Among the veteran GOP legislators toppled were Reps. Phil Krinkie of Lino Lakes, Tim Wilkin of Eagan and Greg Davids of Preston, although all three lost by tiny margins that will result in automatic recounts.

Eight-term Rep. Krinkie, chairman of the Taxes Committee and a leading fiscal conservative, lost by 55 votes to DFLer Paul Gardner in Tuesday’s unofficial tally.

Four-term Rep. Wilkin lost by 50 votes to DFLer Sandra Masin, and Davids, an eight-term incumbent, fell by 49 to Ken Tschumper.

In addition, DFLers picked off the seats of retiring Republican Reps. Ron Abrams of Minnetonka, Andy Westerberg of Blaine and Char Samuelson of New Brighton.

They held onto toughly contested districts in Brooklyn Park, Champlin and Faribault. As this edition of the Star Tribune went to press, DFLers were leading in six other districts now held by the GOP while trailing in only one of their own.

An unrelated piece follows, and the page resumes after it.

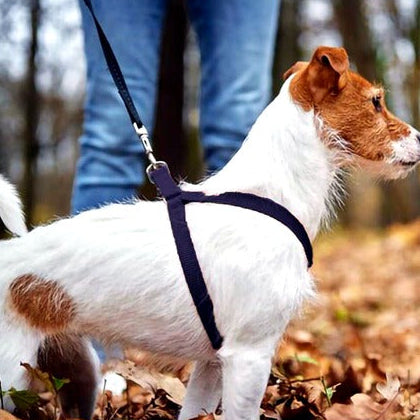 Soft Padded Nylon Dog Harness with Adjustable Straps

If those early trends held, the DFL stood to reverse the GOP’s current 68-66 edge in the House to a comfortable 79-55 majority.

Meanwhile, the DFL’s unbroken control of the state Senate since 1973 was heading for a strong increase from its current 38-29 majority, even though DFL Majority Leader Dean Johnson was trailing in his Willmar-area district following an intense campaign waged over issues of abortion and same-sex marriage.

DFLers unseated Republican Sens. Mady Reiter of Shoreview, Brian LeClair of Woodbury, Mike McGinn of Eagan, Bill Belanger of Bloomington and Cal Larson of Fergus Falls while also winning a seat being vacated by GOP Sen. Bob Kierlin of Winona. Meanwhile, the DFL withstood serious challenges to several incumbents in the Twin Cities suburbs.

Hamline University Prof. David Schultz had predicted that the DFL would capture four seats left open by Republican retirements while losing only one vacated by a DFLer. In all, 23 House seats and nine in the Senate were open.

University of Minnesota political scientists Eric Ostermeier and Lawrence Jacobs issued a report last week pronouncing the GOP’s control of the House “most at risk.”

They noted that in 2004, when the DFL grabbed 13 House seats from the Republicans, it performed particularly well in swing districts. That year, the DFL retained all eight seats that it had won in 2002 by less than 10 percent of the vote, while taking nine of 21 seats the GOP narrowly gained in 2002.

“The GOP’s hold on the 12 [closely contested] districts that it won in 2004 is likely to be hotly contested in 2006,” Ostermeier and Jacobs wrote.

The two researchers at the university’s Center for the Study of Politics and Governance also noted that if Republicans were to capture the Senate, they would first have to defend their own incumbents in 11 of the 21 districts that were competitive in the previous Senate election, in 2002.

On the plus side for the GOP, however, the DFL had to hold onto seven seats left open by retirement compared with two for the Republicans.

State government has been divided on partisan lines since the late 1980s, when the DFL controlled the House, the Senate and the governor’s office. The Legislature itself has been split since 1998.

Both Sviggum, of Kenyon, and DFL Minority Leader Kelliher of Minneapolis have promised property-tax relief and increased K-12 education funding if their parties control the House next year.

But the shape of those initiatives, as well as action on many other issues, could be markedly different depending on which party elects the speaker, appoints committee chairs and decides what bills get consideration—all privileges of the majority.

The House DFL has proposed sweeping health-care revisions, including covering all Minnesota children, allowing small businesses into a state health pool and extending to individual consumers the discounts gained from the state’s bulk purchases of prescription drugs.

“This election has become a referendum on education, health care and property taxes,” Kelliher said. “There’s a national mood of wanting change reflected in those three issues.”

Sviggum said a continuing Republican majority would boost state payments to nursing homes, act to end state-financed abortions for poor women, try again to advance a constitutional ban on same-sex marriage and move to clamp down on illegal immigration.